— The problem —
All entries are to be printed again exactly, with their images omitted.

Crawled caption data

◇ ◇ ◇ ◇ ◇

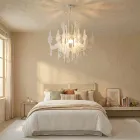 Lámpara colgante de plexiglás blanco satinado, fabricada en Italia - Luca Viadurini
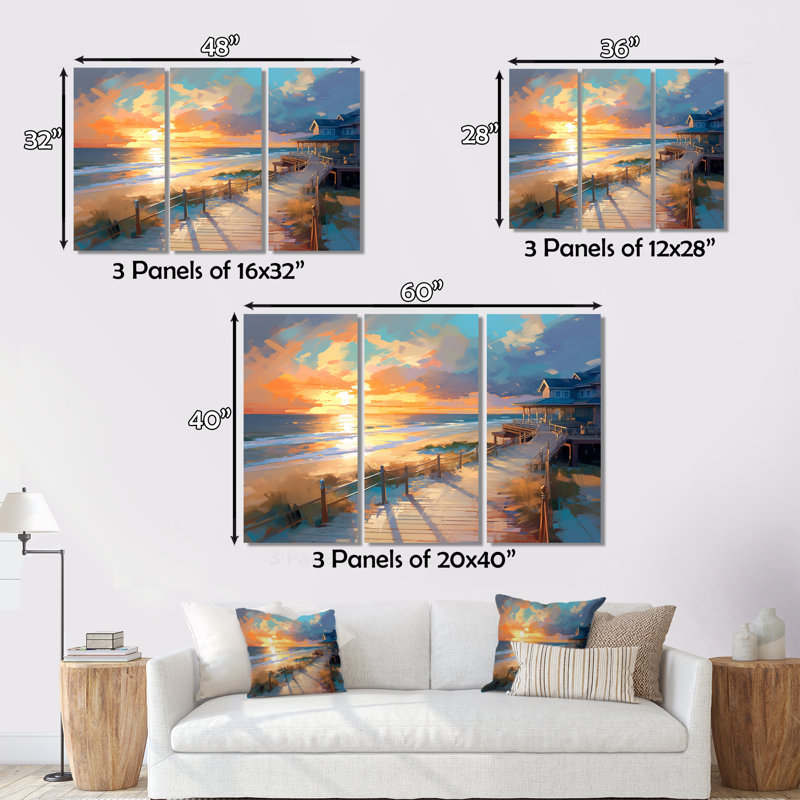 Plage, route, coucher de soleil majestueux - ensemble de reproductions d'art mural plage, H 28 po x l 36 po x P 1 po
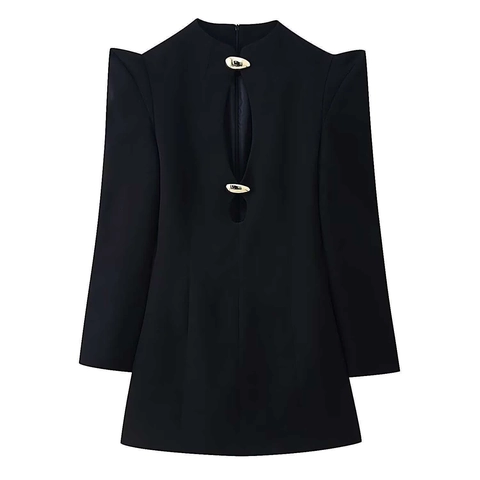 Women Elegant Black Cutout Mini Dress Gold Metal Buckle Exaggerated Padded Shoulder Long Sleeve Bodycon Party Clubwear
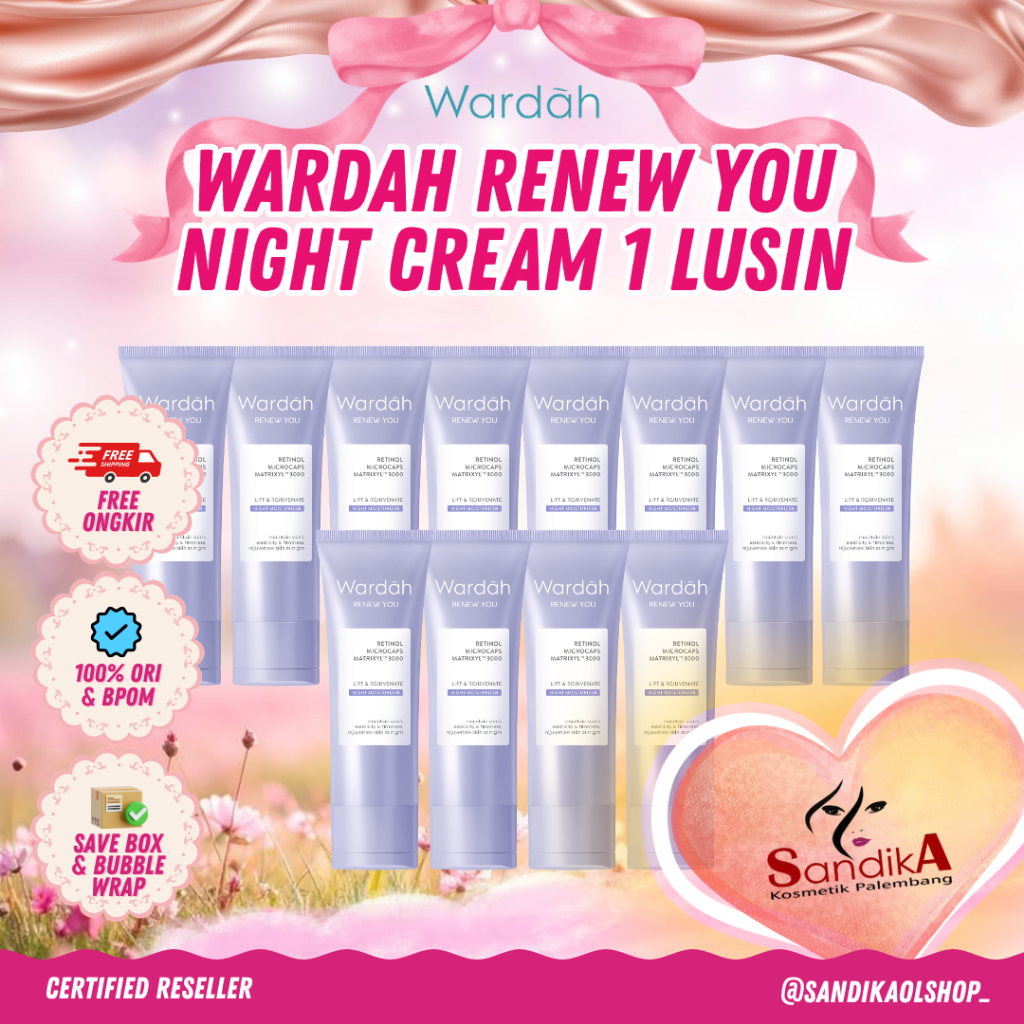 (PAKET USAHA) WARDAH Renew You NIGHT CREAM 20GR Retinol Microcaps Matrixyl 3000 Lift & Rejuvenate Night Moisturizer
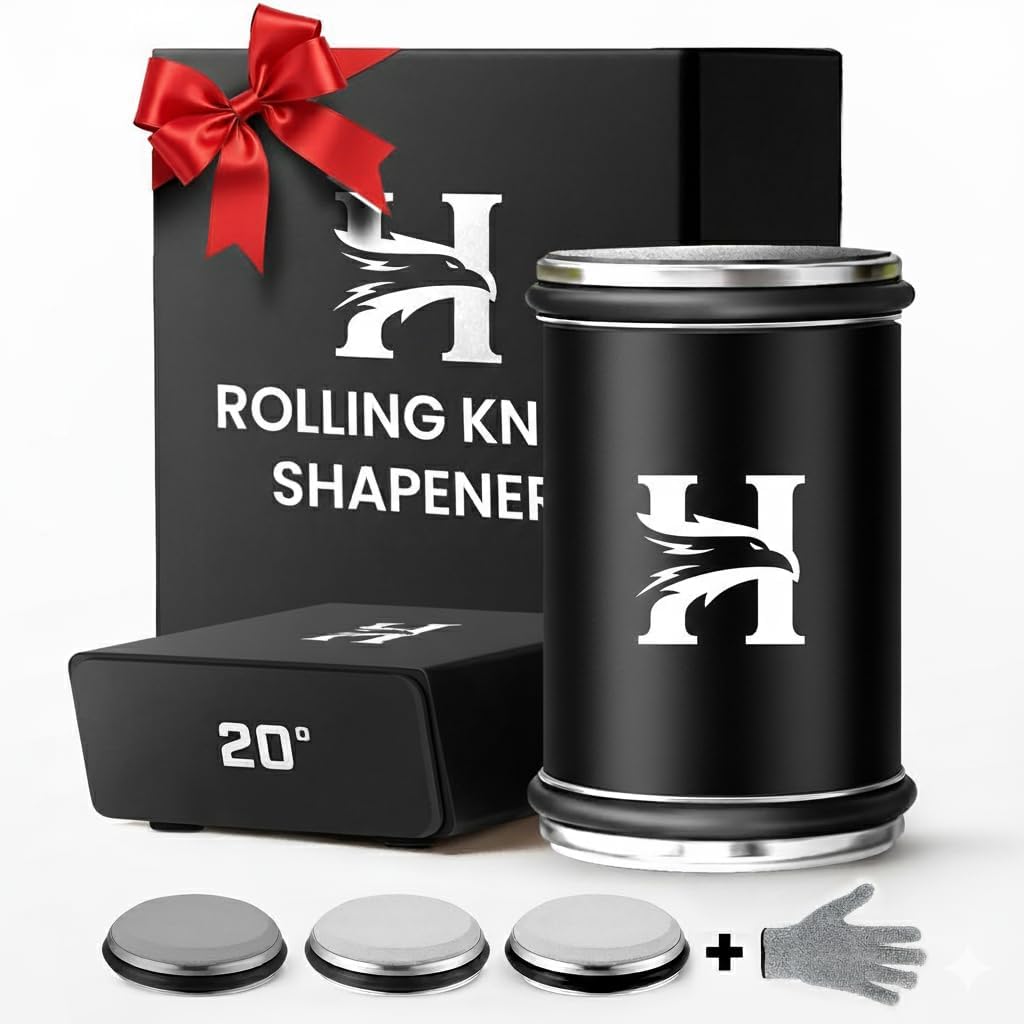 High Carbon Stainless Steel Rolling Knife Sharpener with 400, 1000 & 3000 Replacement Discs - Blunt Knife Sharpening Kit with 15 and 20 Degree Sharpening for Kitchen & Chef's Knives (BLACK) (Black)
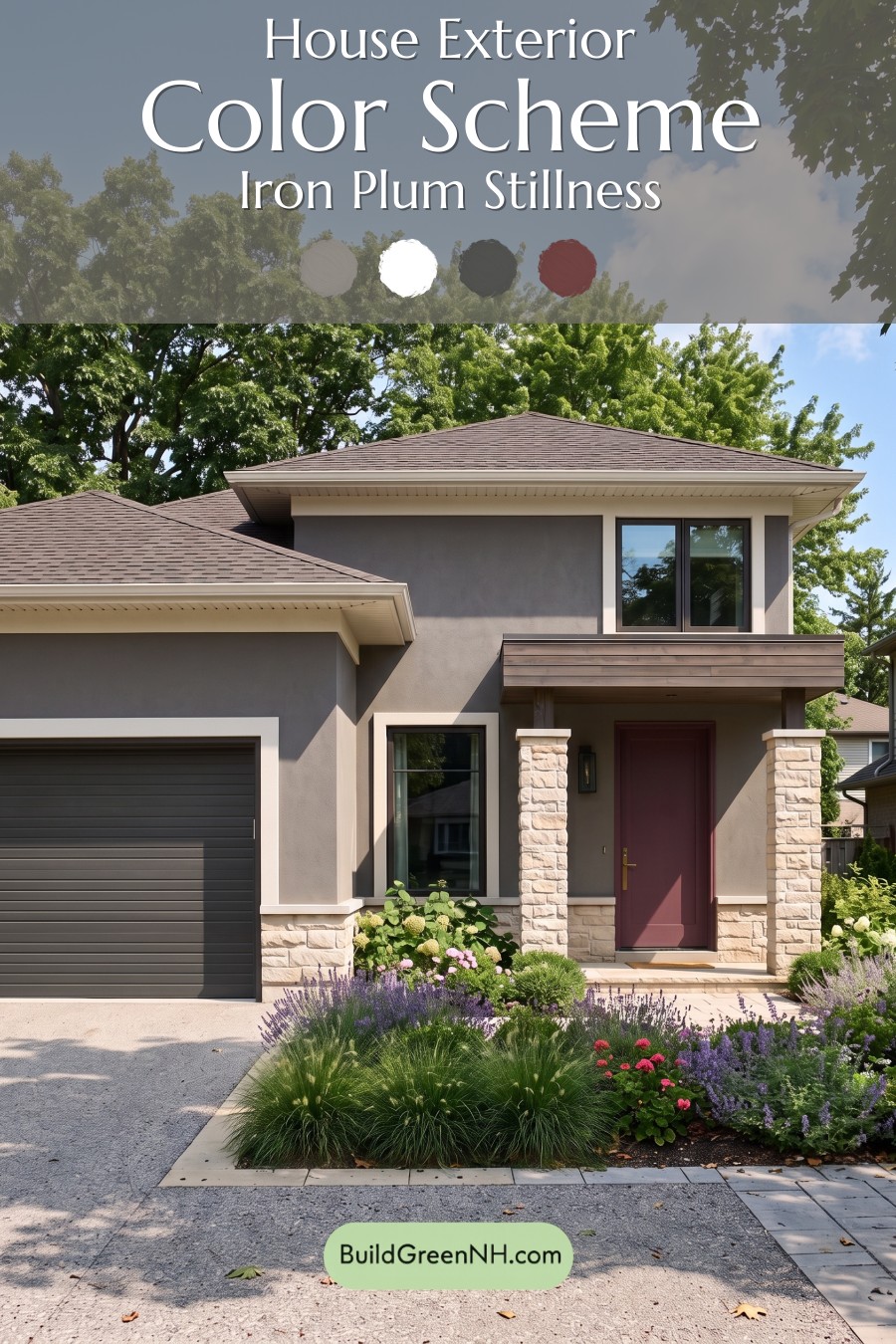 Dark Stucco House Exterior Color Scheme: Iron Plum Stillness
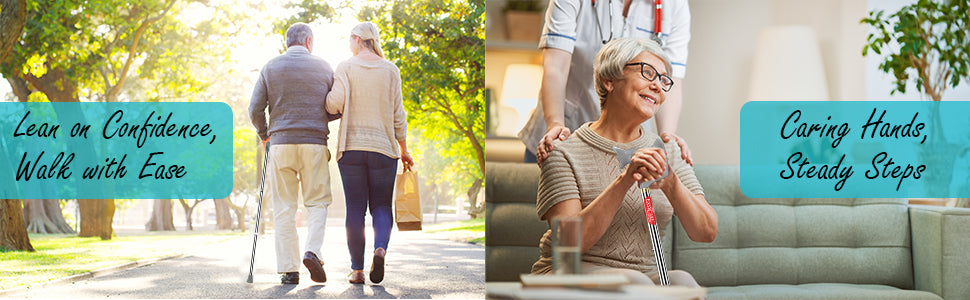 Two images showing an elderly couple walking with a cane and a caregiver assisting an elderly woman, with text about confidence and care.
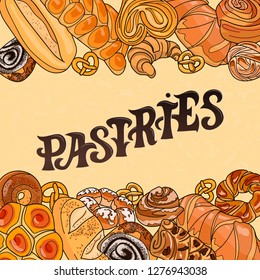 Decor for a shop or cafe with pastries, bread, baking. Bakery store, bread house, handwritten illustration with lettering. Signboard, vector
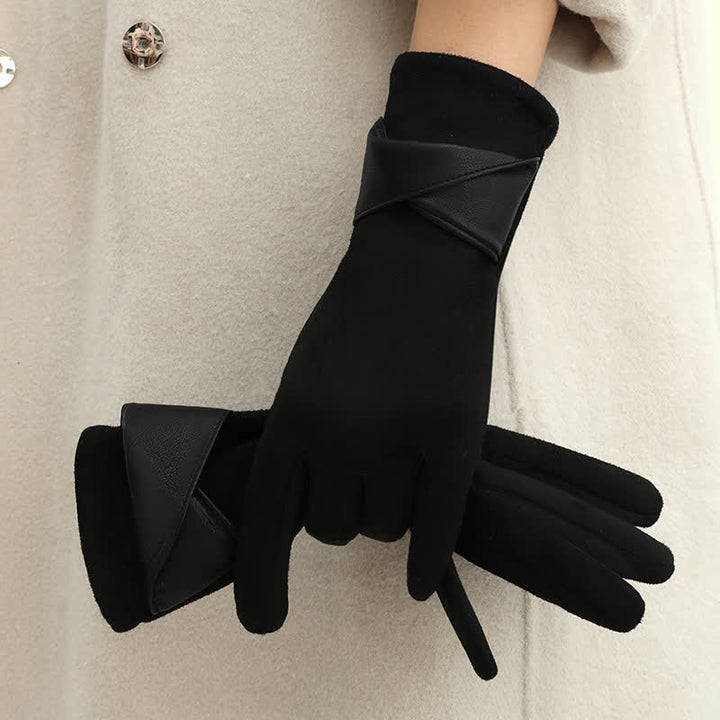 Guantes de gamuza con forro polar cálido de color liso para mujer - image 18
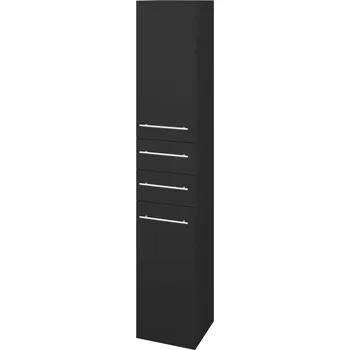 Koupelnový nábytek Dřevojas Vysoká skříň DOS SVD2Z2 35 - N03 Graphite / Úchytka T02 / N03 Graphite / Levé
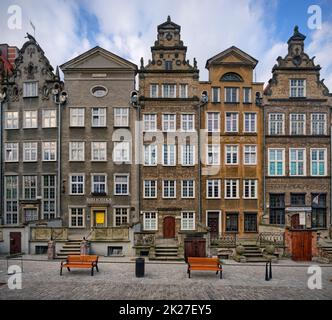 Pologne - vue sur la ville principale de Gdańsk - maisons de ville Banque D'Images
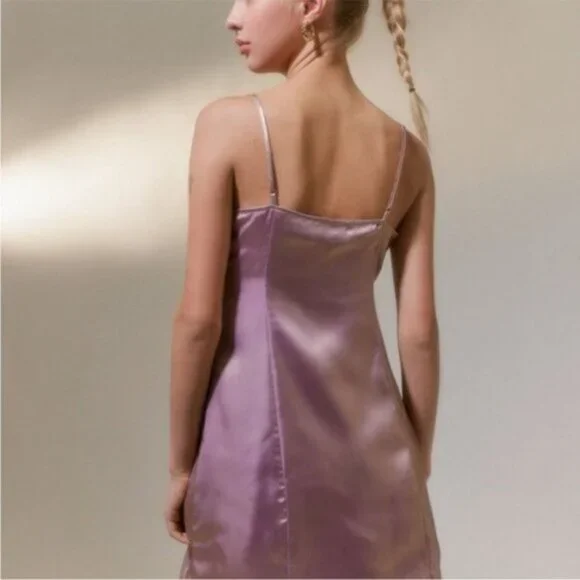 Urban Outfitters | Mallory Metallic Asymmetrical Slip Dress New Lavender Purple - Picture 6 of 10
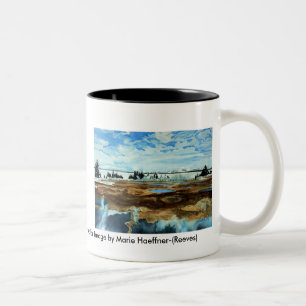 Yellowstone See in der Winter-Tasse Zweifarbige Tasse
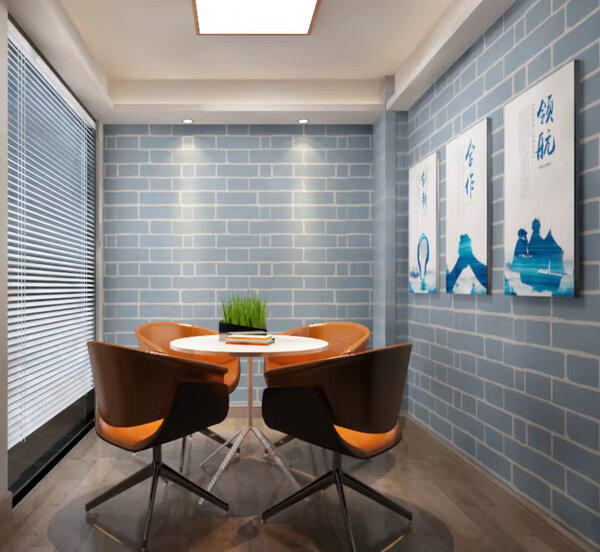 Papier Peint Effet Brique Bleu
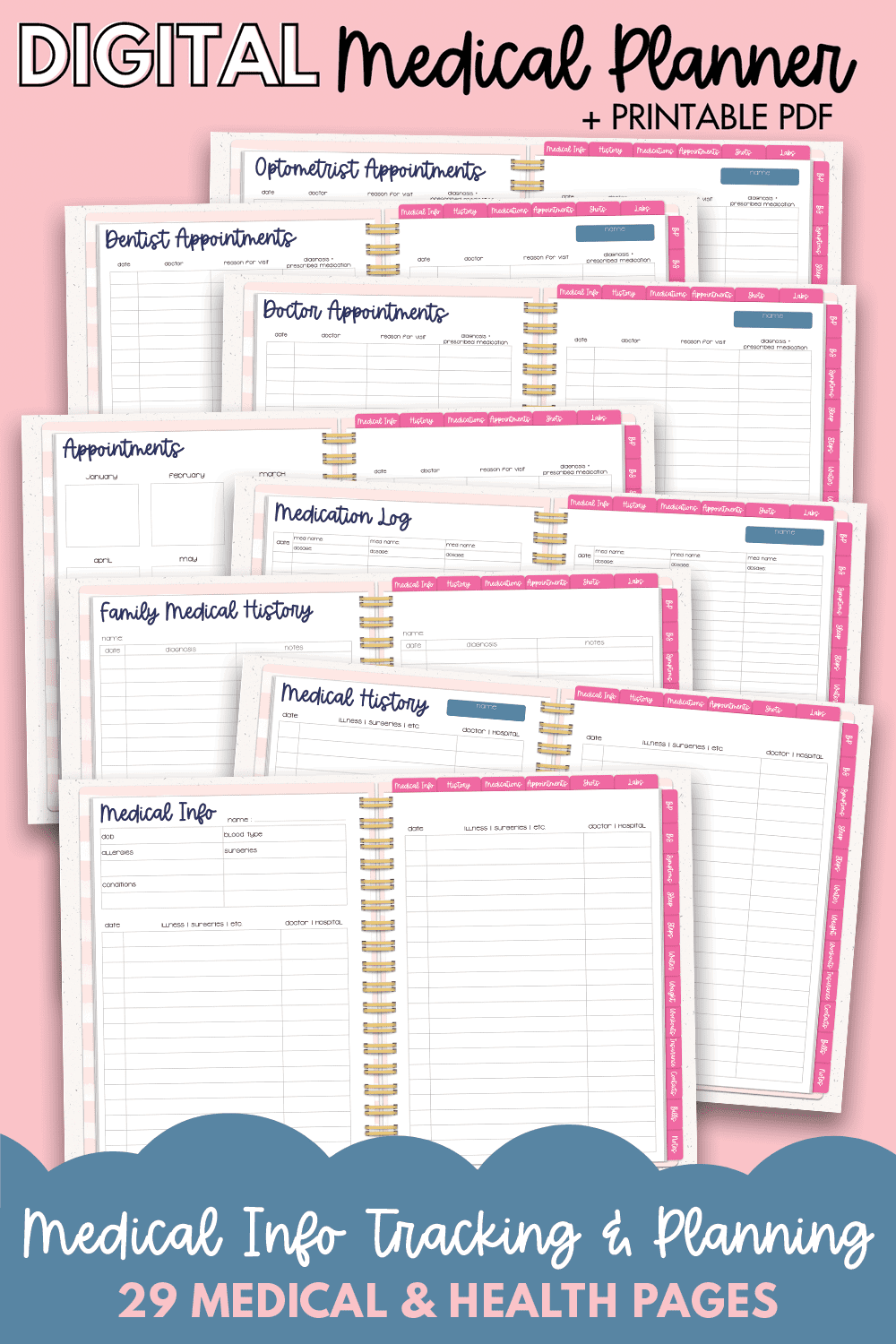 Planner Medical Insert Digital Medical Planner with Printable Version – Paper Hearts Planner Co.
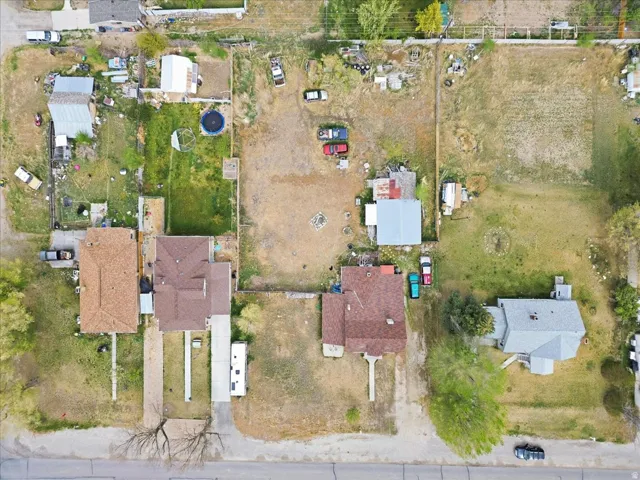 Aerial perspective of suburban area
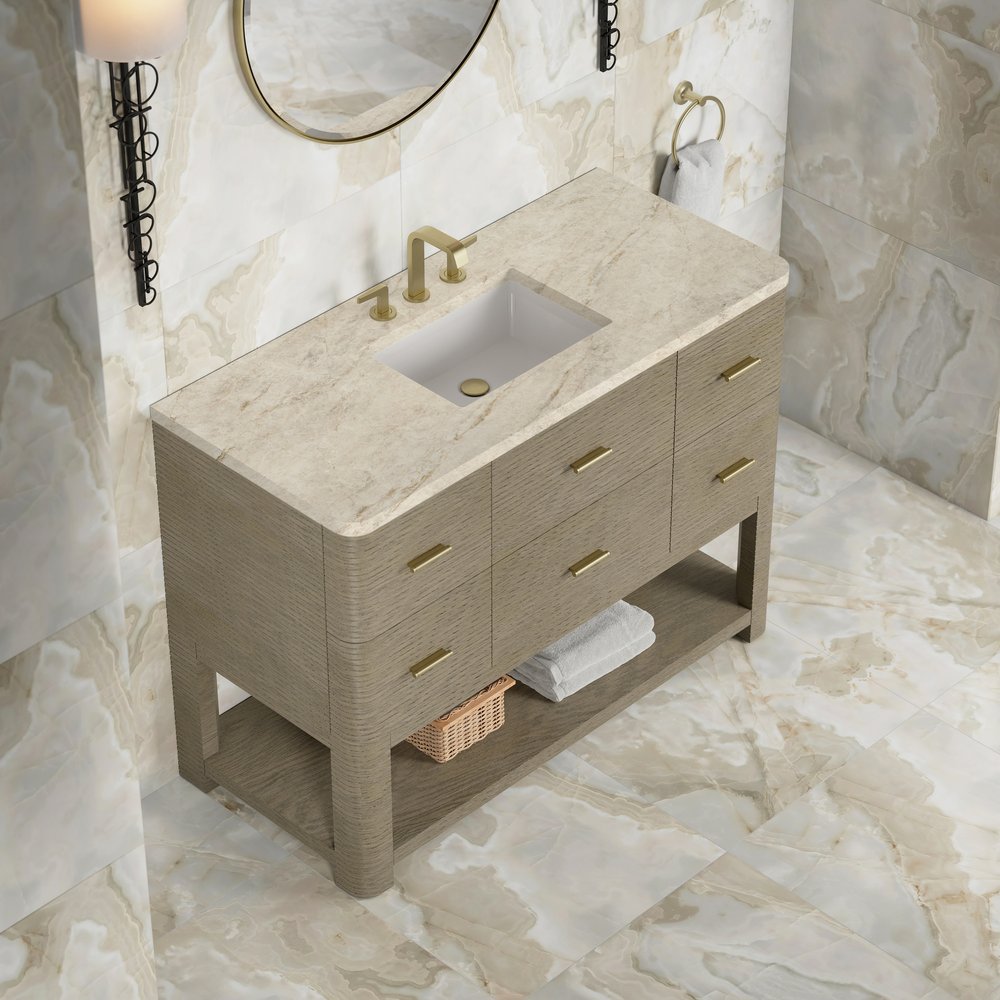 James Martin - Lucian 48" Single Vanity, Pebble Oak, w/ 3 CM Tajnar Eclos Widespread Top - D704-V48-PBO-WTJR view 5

◇ ◇ ◇ ◇ ◇

— Answer to this exercise —
 Lámpara colgante de plexiglás blanco satinado, fabricada en Italia - Luca Viadurini
 Plage, route, coucher de soleil majestueux - ensemble de reproductions d'art mural plage, H 28 po x l 36 po x P 1 po
 Women Elegant Black Cutout Mini Dress Gold Metal Buckle Exaggerated Padded Shoulder Long Sleeve Bodycon Party Clubwear
 (PAKET USAHA) WARDAH Renew You NIGHT CREAM 20GR Retinol Microcaps Matrixyl 3000 Lift & Rejuvenate Night Moisturizer
 High Carbon Stainless Steel Rolling Knife Sharpener with 400, 1000 & 3000 Replacement Discs - Blunt Knife Sharpening Kit with 15 and 20 Degree Sharpening for Kitchen & Chef's Knives (BLACK) (Black)
 Dark Stucco House Exterior Color Scheme: Iron Plum Stillness
 Two images showing an elderly couple walking with a cane and a caregiver assisting an elderly woman, with text about confidence and care.
 Decor for a shop or cafe with pastries, bread, baking. Bakery store, bread house, handwritten illustration with lettering. Signboard, vector
 Guantes de gamuza con forro polar cálido de color liso para mujer - image 18
 Koupelnový nábytek Dřevojas Vysoká skříň DOS SVD2Z2 35 - N03 Graphite / Úchytka T02 / N03 Graphite / Levé
 Pologne - vue sur la ville principale de Gdańsk - maisons de ville Banque D'Images
 Urban Outfitters | Mallory Metallic Asymmetrical Slip Dress New Lavender Purple - Picture 6 of 10
 Yellowstone See in der Winter-Tasse Zweifarbige Tasse
 Papier Peint Effet Brique Bleu
 Planner Medical Insert Digital Medical Planner with Printable Version – Paper Hearts Planner Co.
 Aerial perspective of suburban area
 James Martin - Lucian 48" Single Vanity, Pebble Oak, w/ 3 CM Tajnar Eclos Widespread Top - D704-V48-PBO-WTJR view 5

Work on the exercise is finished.